Mark Bills and Barbara Bryant, G.F. Watts - Victorian Visionary, 2008, p.190
According to the artist’s wife ‘the giant figures… were suggested to him when looking at the cracks and stains on the dirty plaster of a wall. He saw the whole composition mentally, and carried it out years afterwards.’ He began the first version of The Titans (Watts Gallery, Compton) in 1869 and worked upon it until 1875 when it was exhibited in Manchester. A smaller version was among Watts’ most treasured possessions and was given by his widow to the Fitzwilliam Museum in 1916. A version painted in the 1890s was sold to a collector in Liverpool, James Smith (Walker Art Gallery, Liverpool).

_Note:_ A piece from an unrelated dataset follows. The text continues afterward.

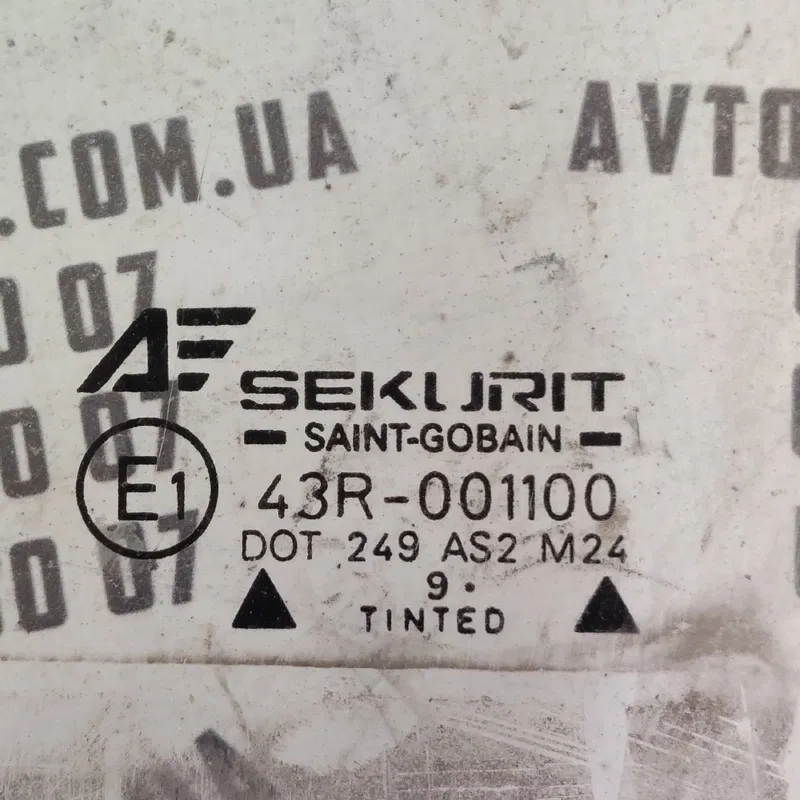 Скло дверей VW Sharan 1A (95-10) переднє ліве OEM 43r001100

During the 1870s and 1880s Watts used the composition and subject of The Titans as the basis for the portion on the right side of a large painting entitled Chaos (versions at Tate and Watts Gallery, Compton) depicting the primordial creation of the earth as related in Hesiod’s Theogony and Ovid’s Metamorphoses.
The powerful musculature of the figures of the Titans reflects Watts’ study of the Parthenon marbles, particularly the reclining figure of Dionysus. The massive proportions and contours of the nude bodies create the slopes and peaks of huge mountains.